Don’t be shy about advising a client that their planting plans won’t be successful. Draw upon your own experience. Be clear about maintenance and watering needs. Be clear about who will be responsible for what and at what cost, especially if you are guaranteeing the plants.

You will often be presented with pages torn from magazines and dog-eared books displaying mature landscapes in warmer climates. Stand firm in your knowledge of what works. Explain the difference between a plant’s ability to tolerate given conditions and when it can thrive.

Visit public gardens and arboretums to learn more. Go with other plant lovers. Observe the mature silhouettes of the woody plants. Understand their size in the landscape. A shrub planted with enough room to reach its mature size, as intended by nature, is more likely to thrive and please.

Without this practical understanding of size and spacing, many plantings are sabotaged. Visiting gardens seasonally feeds an appreciation for plants that offer three- or four-season interest, earning their real estate in the landscape.

Visit friends’ gardens. Share plants and seeds and show-and-tell. If you read gardening books and blogs you quickly understand that there is no one-size-fits-all in gardening. Technique varies. Find what works for you.

Plant lots of bulbs — the gift that keeps on giving. One of the best investments in the landscape is a bag of naturalizing daffodils. I don’t know how many times over the years that clients have messaged me in spring: “My daffodils are blooming, thinking of you. Let’s talk soon about this year’s garden plans.”

We never listen to music in the garden while working, opting always for the sounds of nature, the birds, the wind in the bamboo. I have never owned a string trimmer or a leaf blower and have always planned maintenance visits around the schedule of the mowing crew. The mowers will appreciate not having to work around your tarps and wheelbarrows. It gives them more room to manipulate their trailers around the driveway.

Invest in some good hand tools. Care for them and keep them sharp. My crew always made great use of the Italian grape hoe for preparing new beds. Smaller Japanese hoes were put to good use as well.

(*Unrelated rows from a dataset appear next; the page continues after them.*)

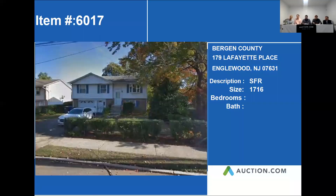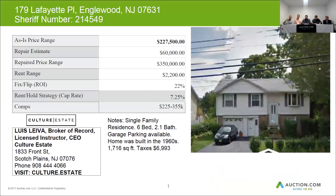Bergen County as well. 179 Lafayette Place in Englewood, New Jersey. This is a single-family residence that is a six-bedroom, two-and-a-half bath, garage parking available. The home was built in the 60s. It's a little over 1,700 square feet. Taxes on this property are almost $7,000.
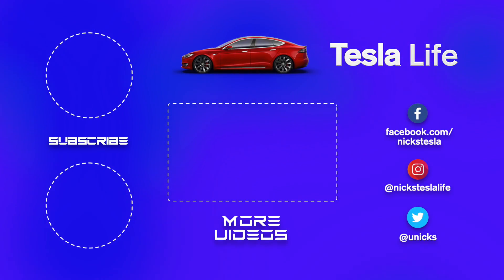Thanks for watching. If you like this video, please subscribe on the top left and share with your friends. My other Tesla Model 3 videos are here in the center. I just created a new channel called Pickleball Life — check it out and subscribe on the bottom left. My Twitter, Facebook, and Instagram accounts are on the bottom right. Thanks everyone, bye!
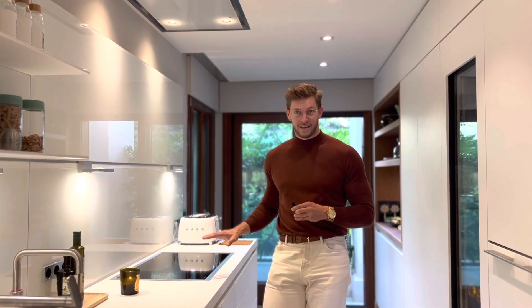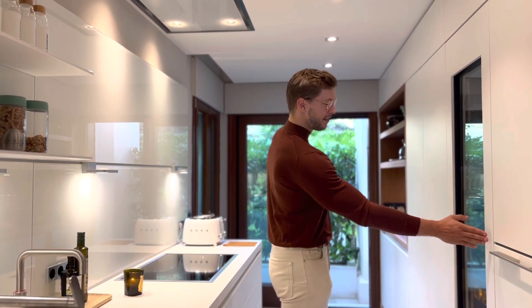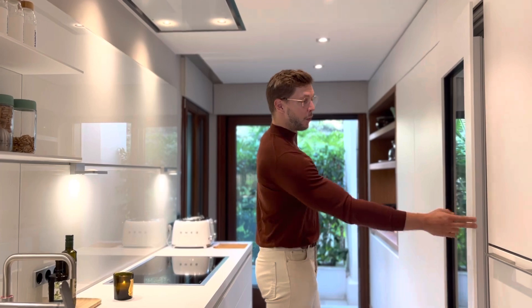The kitchen has been completely renovated as well. The design is by Bulthaup and all of the appliances are Gaggenau, even the hidden appliances. One of the big fun things in this kitchen is a completely new wine fridge.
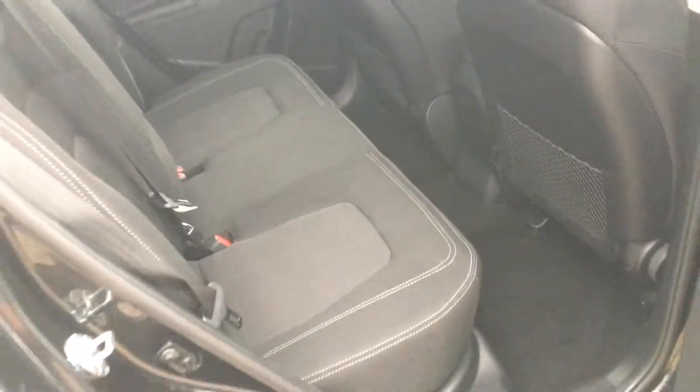If you have a look in the back, you can see straight away how spacious the car is. It's got isofix fittings for car seats, which makes this a perfect family car.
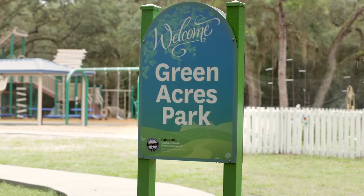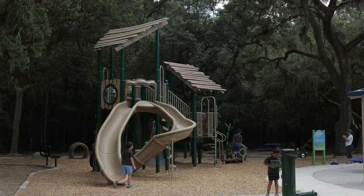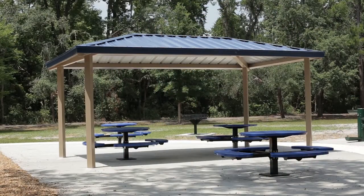This project was recently completed at the end of May, and we installed a new playground, a new grill, a picnic pavilion, new benches, tables, and a new water fountain as part of this project.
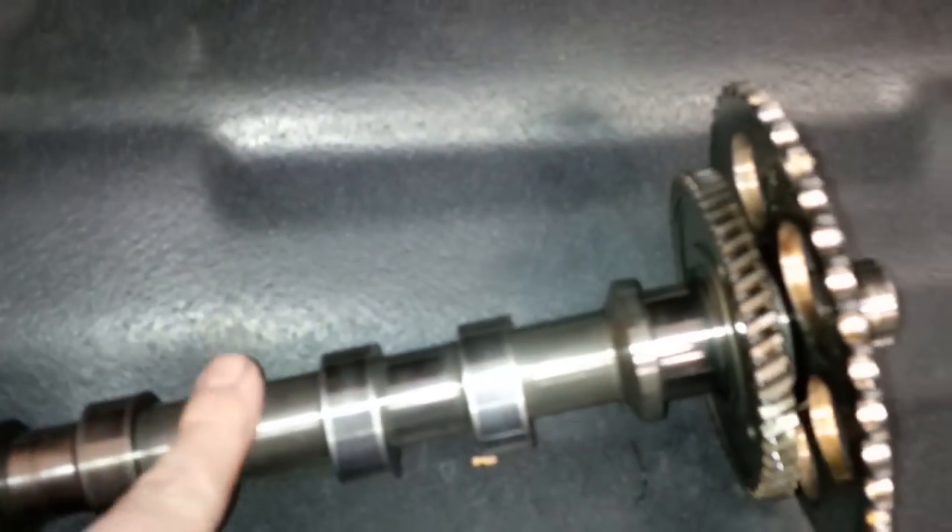Here you can see my intake cam pulled out and this is the exhaust cam — this is the problem right here. My journals are absolutely gorgeous, especially for this many miles. Both the intake and exhaust look really nice. This is the problem head.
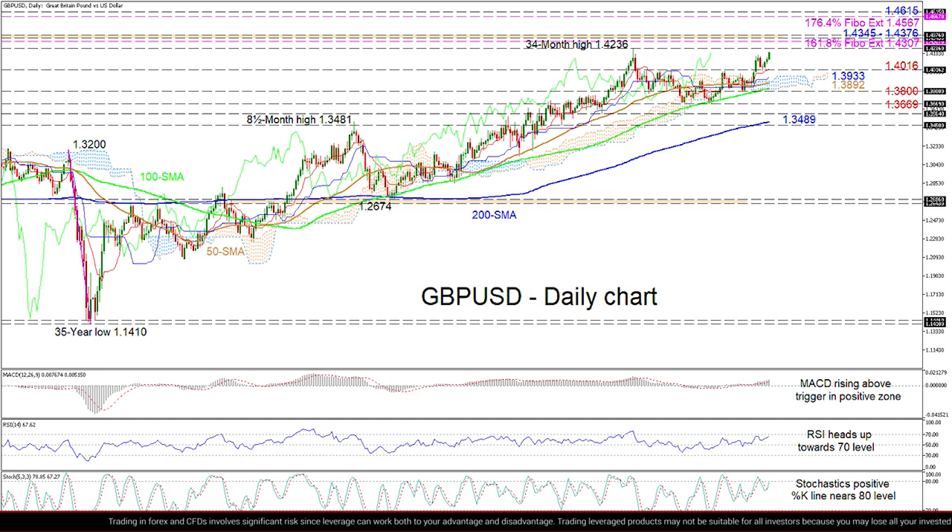The bullish simple moving averages are safeguarding the broader uptrend while the Ichimoku lines are indicating that positive momentum is picking up. The short-term oscillators appear skewed to the upside and are signaling that bullish sentiment is intensifying.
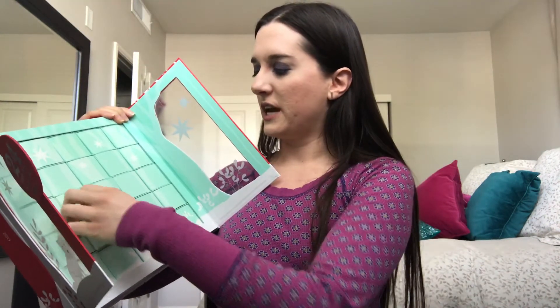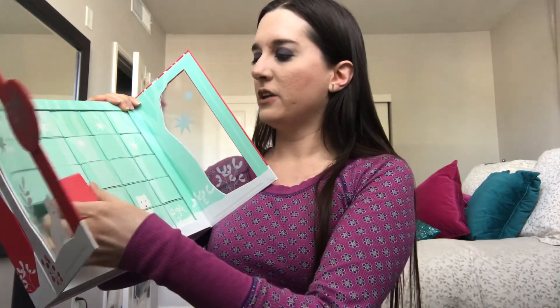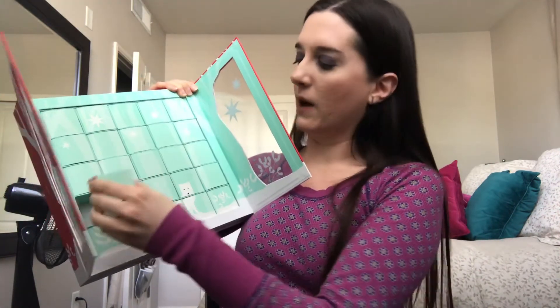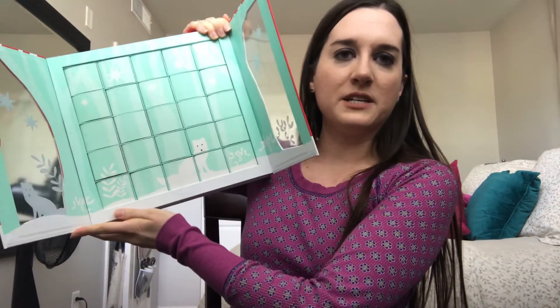I did want to mention one other thing I was able to use up that's not in my tea inventory numbers. I got this in December — it's the David's Tea 24 Days of Tea calendar. There's a little canister of tea for every day, and I was able to finish off all of those teas. Something I didn't realize until I started going through all the days is that when you flip the doors around, you get this image on the back — I thought that was kind of fun.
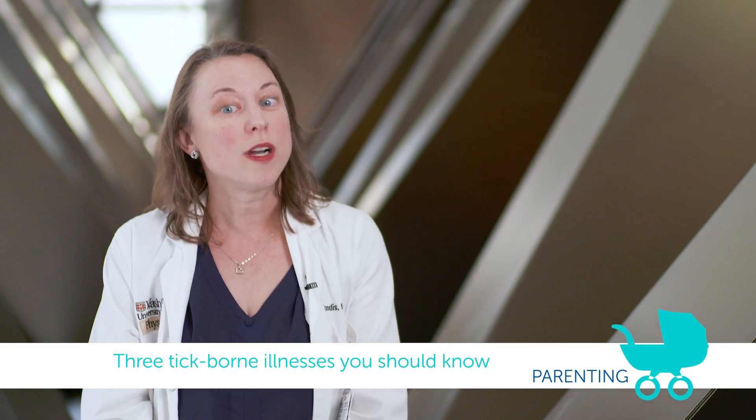Hi, I'm Dr. Jamie Kondas, and today I'm going to talk about something that we sometimes see in our part of the country during the summer, which is tick-borne illnesses.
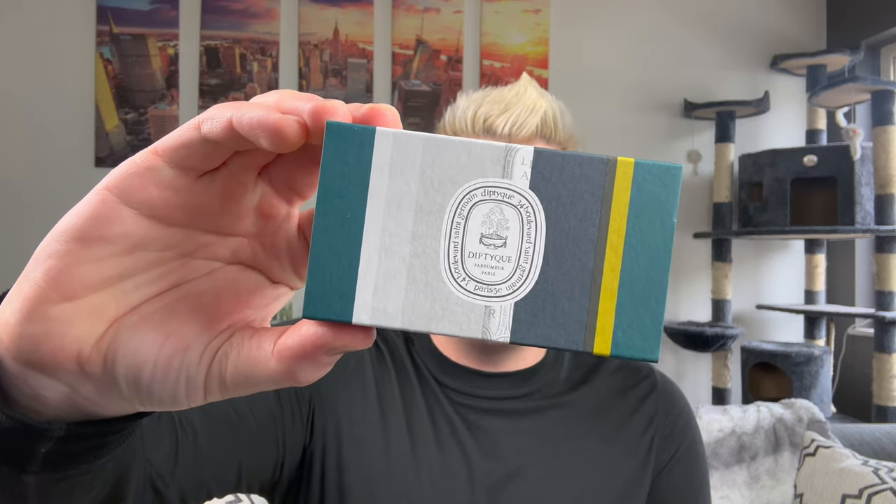She did give me two boxes of matches — even the matches at Diptyque are beautiful. Everything about Diptyque is an experience. We have the signature tissue wrapping. I also got two mini candles. These are the size typically in the advent calendars, but they're also gift with purchases — not available for sale. The first one I was given was Bay, their signature. It's Bulgarian roses, black currant, and green leaves. It is beautiful, and one of these will literally fill up your entire bathroom. They're so strong.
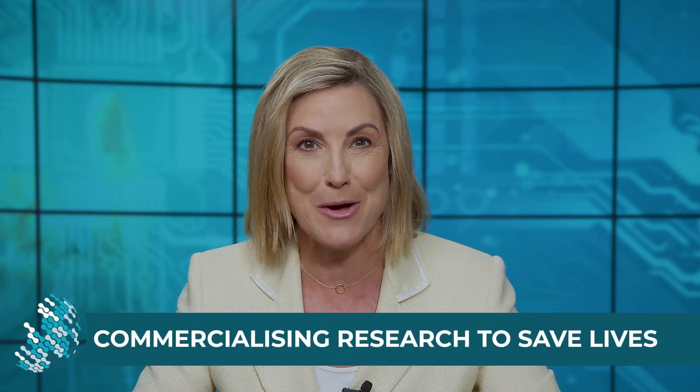Blending frontier research with commercial sales viability is the ultimate goal for medtech companies. UNSW Sydney's Professor Justin Gooding knows this firsthand from developing and commercialising innovative ways to diagnose cancer and other illnesses, to designing a 3D bioprinter.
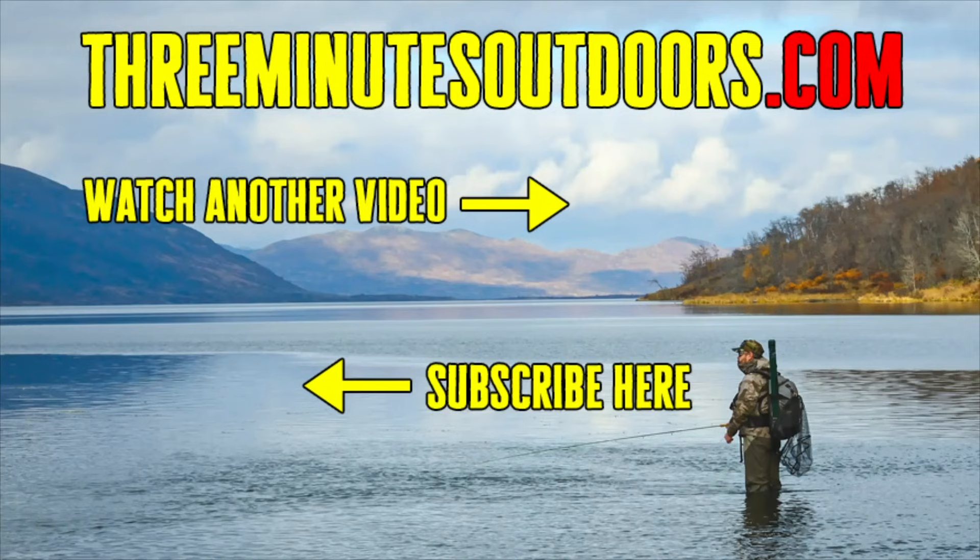If you'd like to see more videos like this one, be sure to subscribe to this channel and check out the Three Minutes Outdoors website at threeminutesoutdoors.com. And finally, if you'd like to support this channel, click on the link in the video description below to find out more.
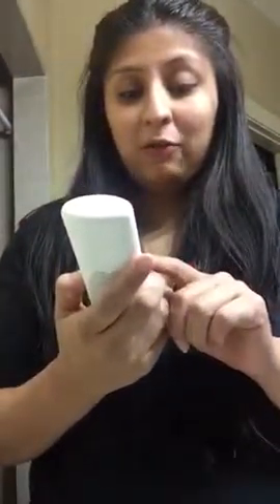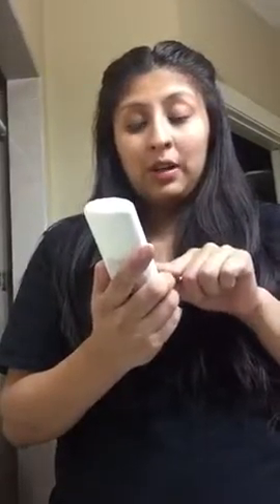Hey guys, once again before bed today I will be doing a review on Bonapiel anti-cellulite and body firming cream — firming, skin firming, toning, cellulite reduction with caffeine, retinol, and lactic acid.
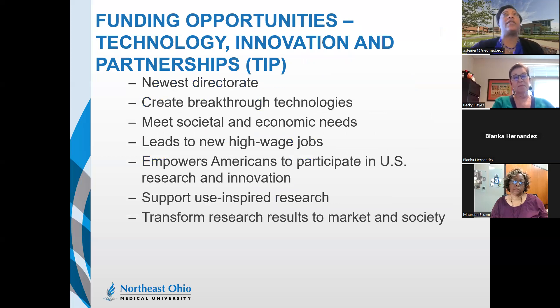Through TIP — the Technology Innovation and Partnerships directorate, now officially a new NSF directorate — they're looking to create breakthrough technologies meeting societal and economic needs, create new high-wage jobs, empower Americans to participate in U.S. research and innovation, and support youth-inspired research. Two funding examples through TIP are I-Corps, which connects technology and entrepreneurial communities with science, and ExLENT — Exponential Learning for Emerging and Novel Technologies — which expands practical learning opportunities.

Know where the water goes, whether it is water from the roofline, the gutters, seepage from a rock face, or a seasonal spring. All drainage issues should be addressed prior to any planting. Pointing out drainage issues may delay plantings for a season but result in a better outcome.

“Begin by knowing the lay of the land and water. Study the works of past masters, and recall the places of beauty that you know. Then, on your chosen site, let memory speak, and make into your own that which moves you most.”

— Anonymous, Japan, 1000 A.D.

Be practical in your proposals. How much time can be devoted to maintenance and watering by the clients? How much water can be safely drawn from their well? These questions need to be part of any planning process.

Know your weeds and invite diversity in your gardens. Many insects prefer a native to chomp on. Leave Evening Primrose to lure Japanese beetles from your ornamentals, berries and beans. Purslane forms a mat that inhibits other weeds and is a prized edible. Never buy soil or compost without first seeing a sample. And always be kind to your back.